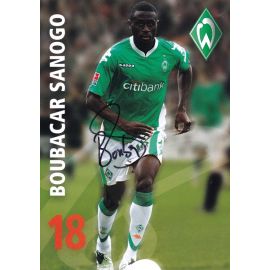 Autogramm Fussball | SV Werder Bremen | 2007 | Boubacar SANOGO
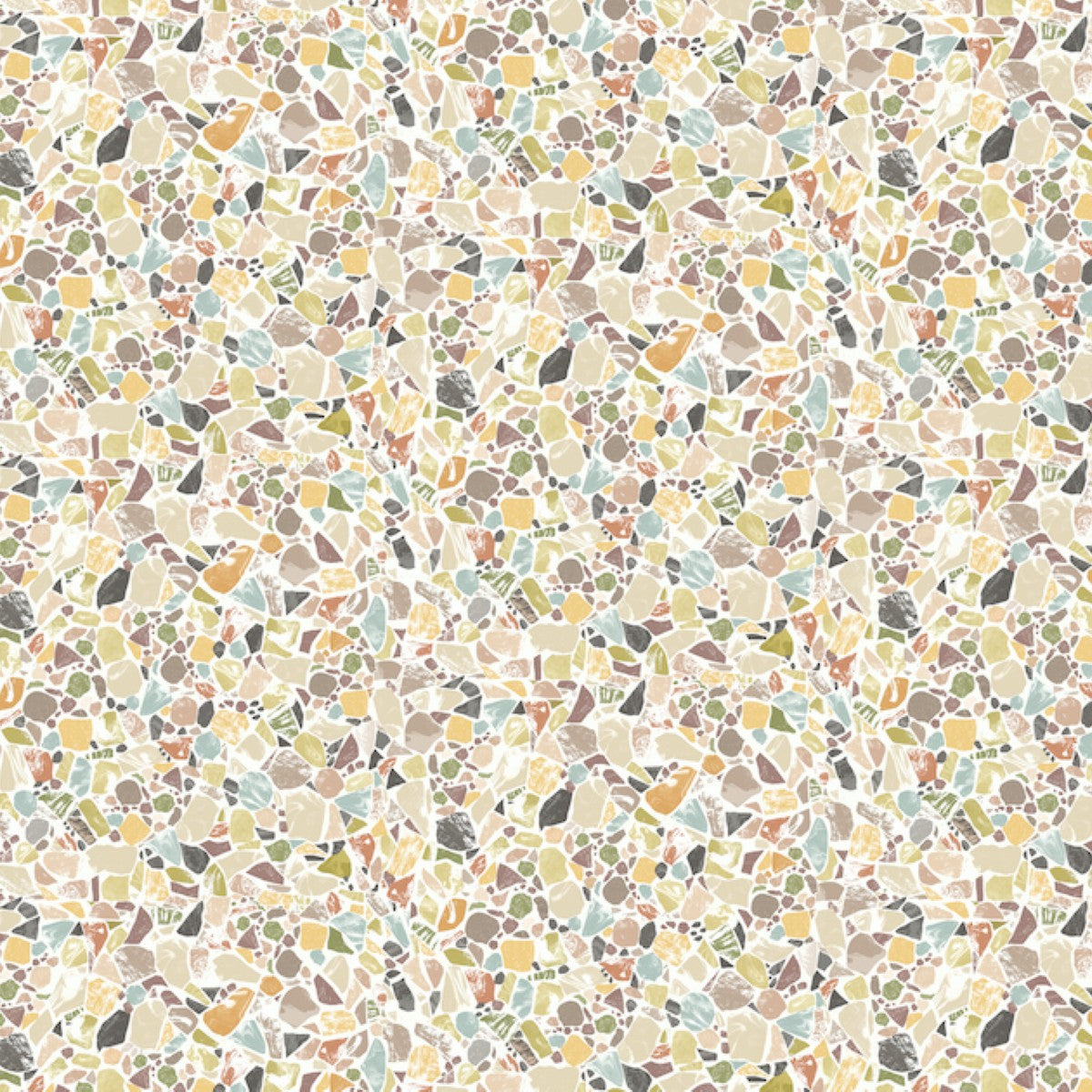 ABS50114W Fragments Fossil & Sage Wallpaper by Ohpopsi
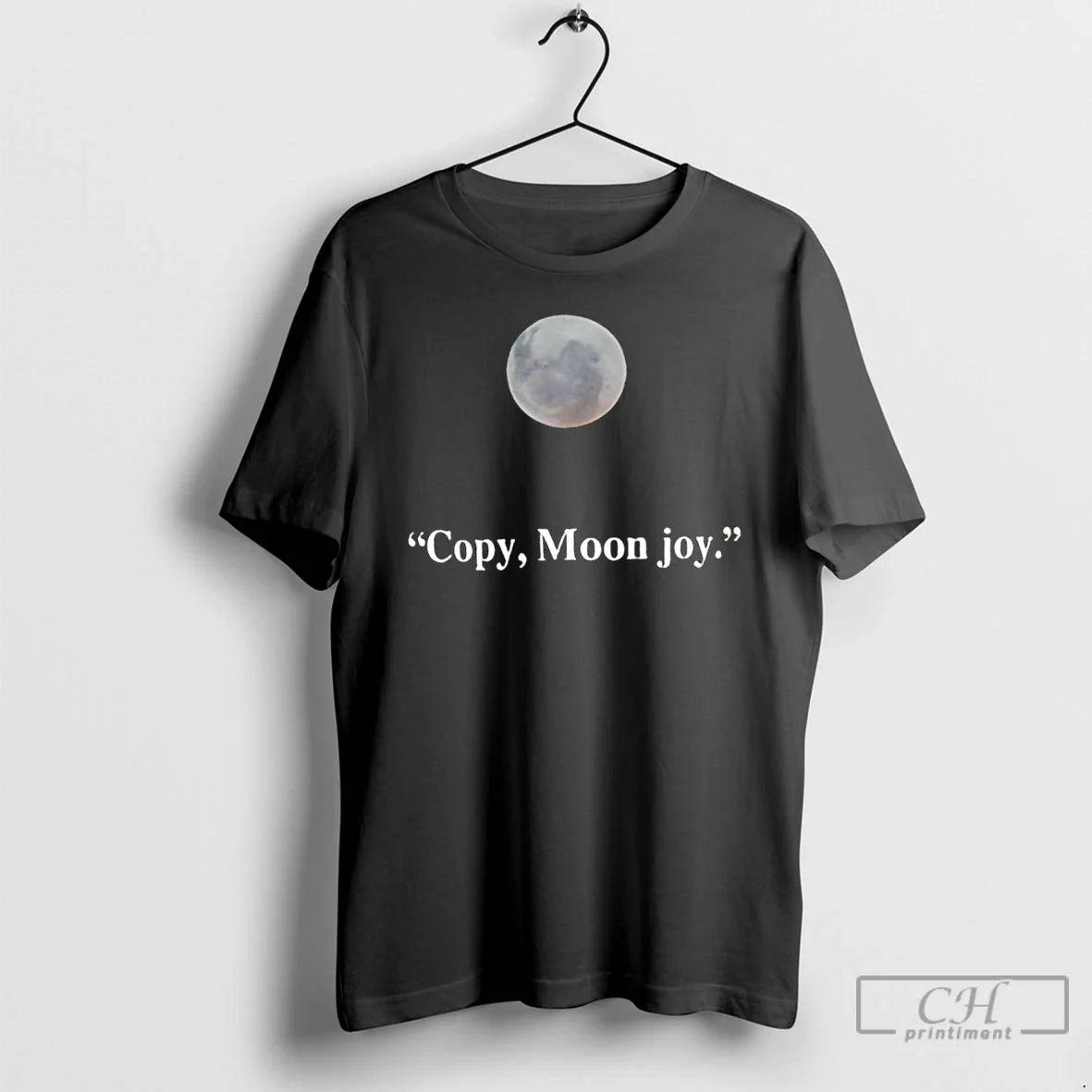 Premium Copy Moon Joy Space Artist Illustrated Artemis Ii Unisex T-shirt, Sweatshirt, Hoodie, Long Sleeve Tee - T-Shirt, Sweatshirt, Hoodie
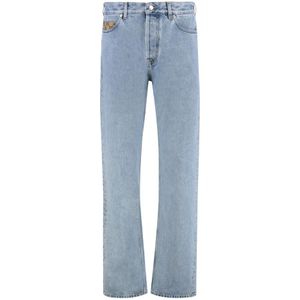 Gucci, Heren, Jeans, Blauw, Maat: W32 Denim,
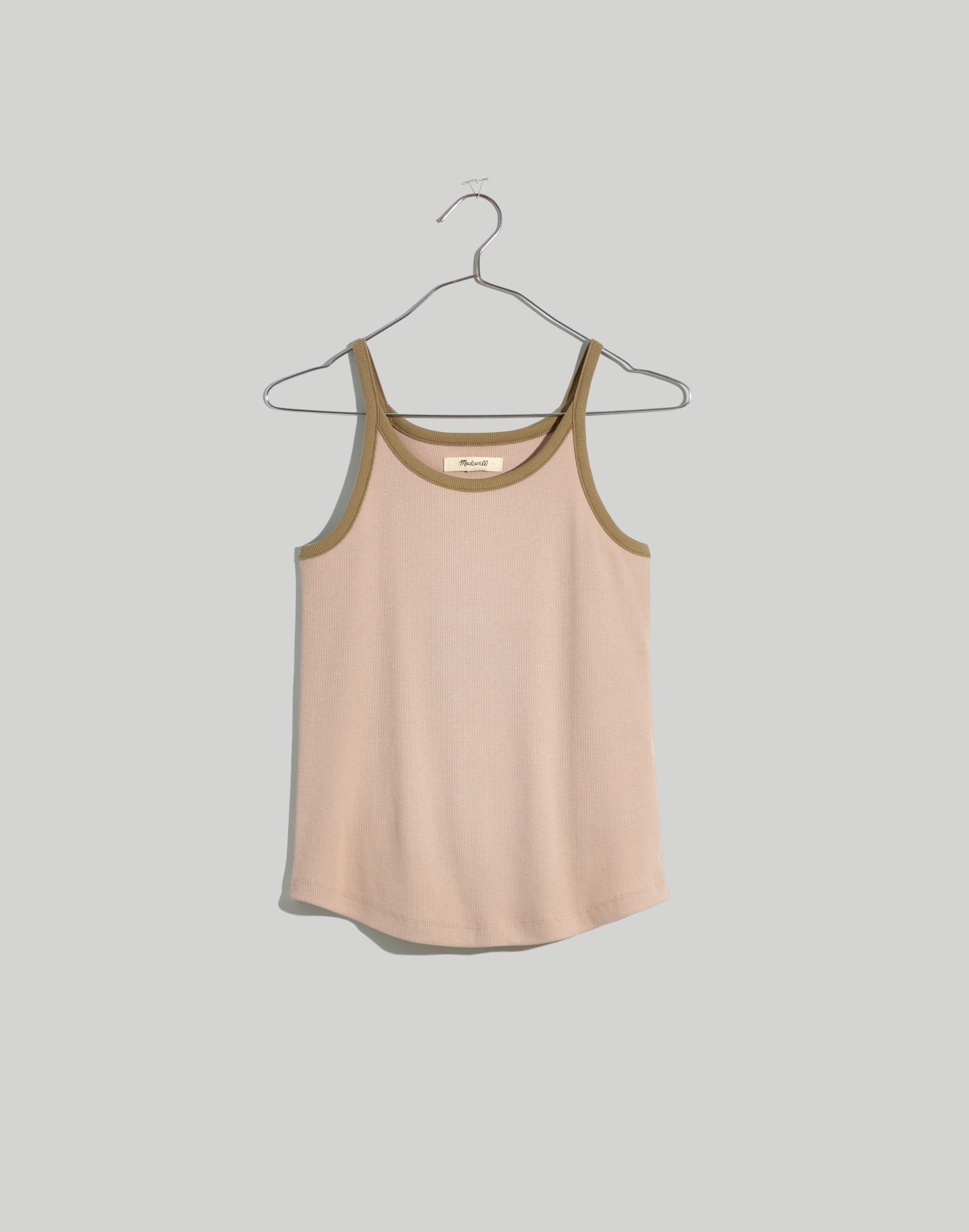 Supima&reg; Rib '90s Tank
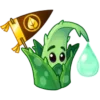 Стикер 61 Plants Vs Zombies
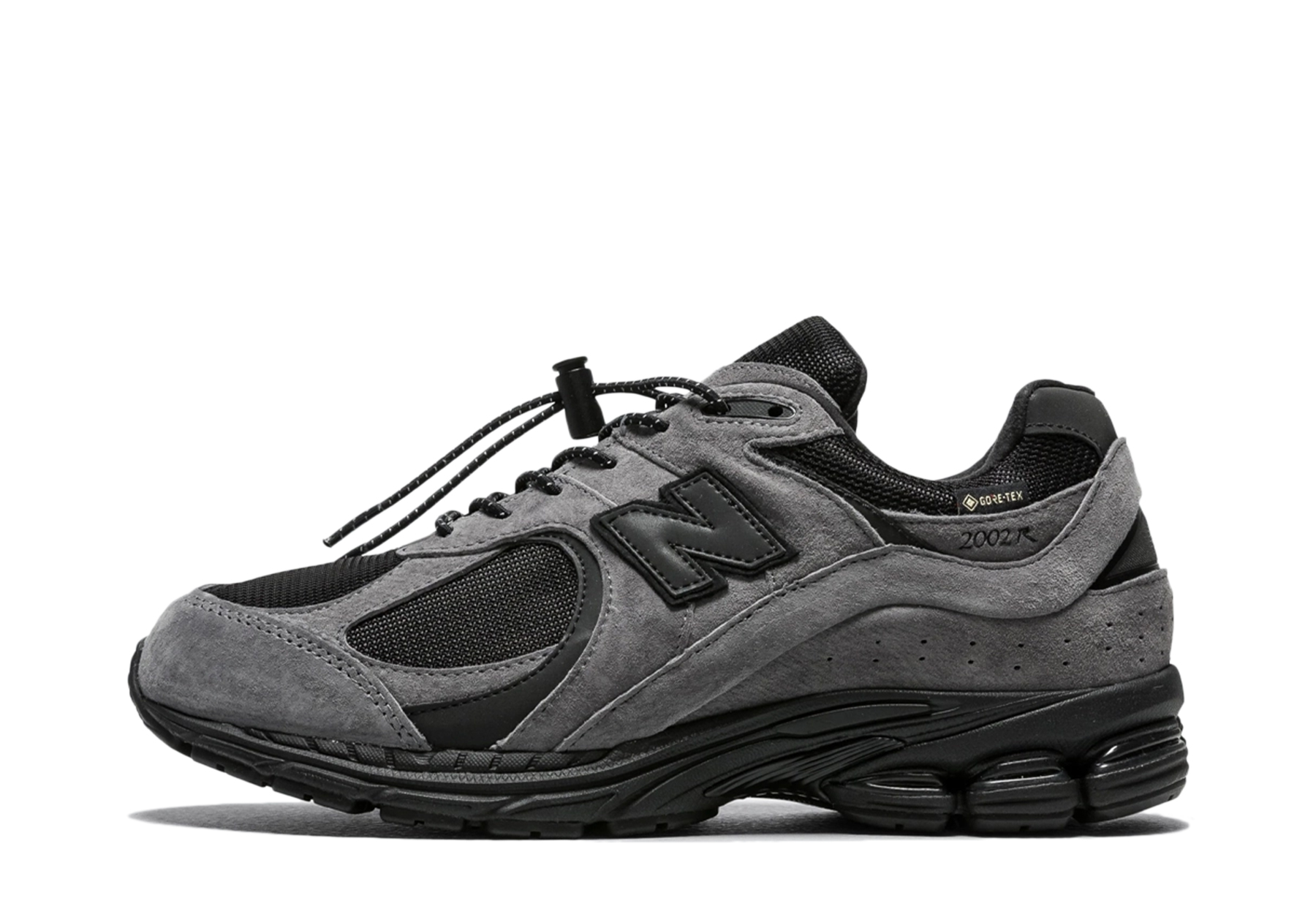 New Balance x JJJJound 2002R GORE-TEX 'Grey' (2024) Charcoal/Black sneaker – authenticated on KLEKT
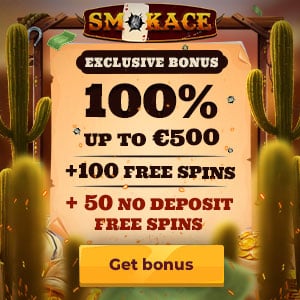 Smokace Casino Free Spins No Deposit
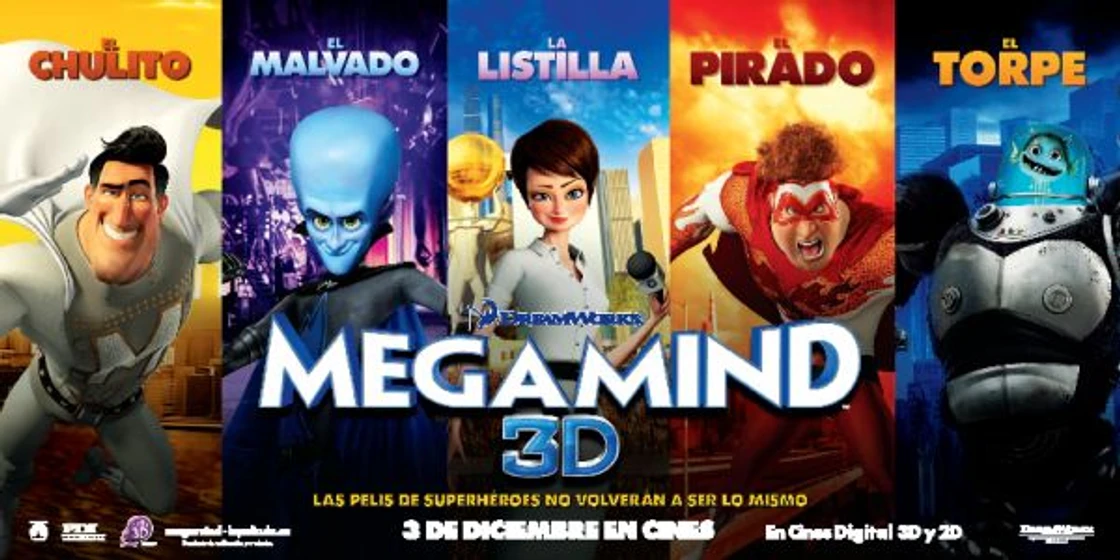 Imagen de Megamind (Cartel promocional)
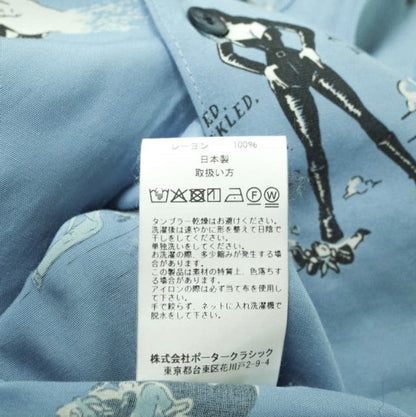 ポータークラシック ALOHA SHIRT STRONG WOMEN & RUSS レーヨンシャツ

──────

> [WHAT NEEDS TO BE DONE]: Keep the pictures out and transcribe the entries exactly.

> [WRITTEN REPLY]:
 Autogramm Fussball | SV Werder Bremen | 2007 | Boubacar SANOGO
 ABS50114W Fragments Fossil & Sage Wallpaper by Ohpopsi
 Premium Copy Moon Joy Space Artist Illustrated Artemis Ii Unisex T-shirt, Sweatshirt, Hoodie, Long Sleeve Tee - T-Shirt, Sweatshirt, Hoodie
 Gucci, Heren, Jeans, Blauw, Maat: W32 Denim,
 Supima&reg; Rib '90s Tank
 Стикер 61 Plants Vs Zombies
 New Balance x JJJJound 2002R GORE-TEX 'Grey' (2024) Charcoal/Black sneaker – authenticated on KLEKT
 Smokace Casino Free Spins No Deposit
 Imagen de Megamind (Cartel promocional)
 ポータークラシック ALOHA SHIRT STRONG WOMEN & RUSS レーヨンシャツ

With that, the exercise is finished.